Defeat

All posts tagged Defeat

There was an incident at my workplace on Saturday where a length of rail flicked out and snapped the ankle of a supervisor. He will be undergoing surgery and physiotherapy for six weeks. The accident could have been avoidable by a more vigilant individual, but what is done is done. What is considered important now is how he recovers. More importantly, how he chooses to recover. Whether he complains and attempts to make himself the object of pity, or shows fortitude and recovers with dignity and conviction. That is how we find his measure in this matter.

I have weak ankles, the result of old injuries and ignoring warnings from medical professionals. I am on the path towards remedying this but I still suffer twists and sprains every so often. I recover from these with resilience and composure. When I twist and fall, I get back up. I stand until I can move, whether it’s a manageable limp or slow walk. I do that until I can move normally. I don’t bemoan the situation, seek pity or use it as an excuse for laziness. I soldier on, as the saying goes. I have to.

Sometimes things don’t go according to plan. Sometimes I fail, scarcely missing victory or at times I barely even approach it. Incorrect methodology, lack of power or a mere poor stroke of chance is all it takes to success to elude me or you. The smart person will recover, learning what lessons there are to be learnt, laying the foundations towards greater success. Conflict is a powerful way to grow because we have things to overcome. Failure is merely something else that we cannot let get the better of us.

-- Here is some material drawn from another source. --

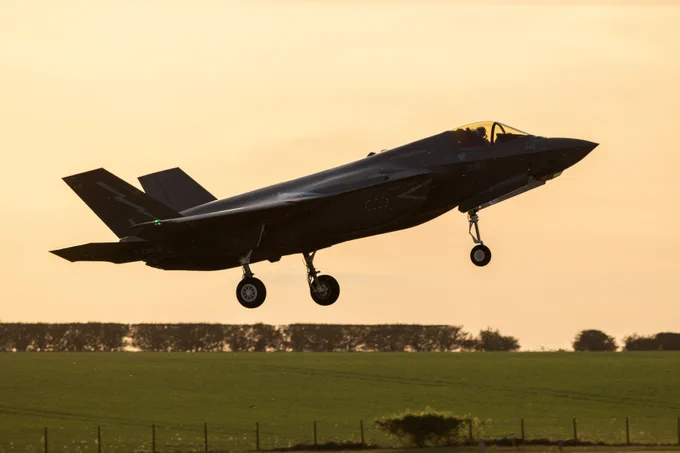 An RAF Lightning taking off in the sunset.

In times of failure, our recovery is paramount. The true defeat would be allowing a moment of loss to to take its toll on your strength, sapping your willpower and confidence. When outside forces or chance overcome you, it is a momentary failure, a lack of power. When you prevent yourself from succeeding, that is the worst kind of defeat. The self can be the greatest enemy of the self.

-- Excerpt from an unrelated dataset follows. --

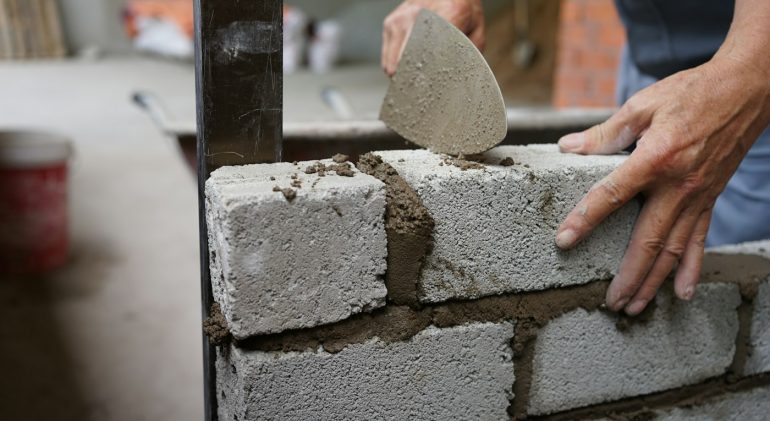 Bricklayer laying blocks with a trowel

My boss is a firm believer in that a man can be judged by how he recovers from failure; whether he takes responsibility and fixes it, or attempts to shirk responsibility and lay the blame on others. His opinion of a person can change significantly if he sees a poor recovery. When anything bad happens on the job, he’ll say “It’s not how we fall, it’s how we get back up.” It’s a view I agree with.

Pain comes in many shapes and forms. Painful experiences aren’t always in our control. How we manage it is how we’re known and judged.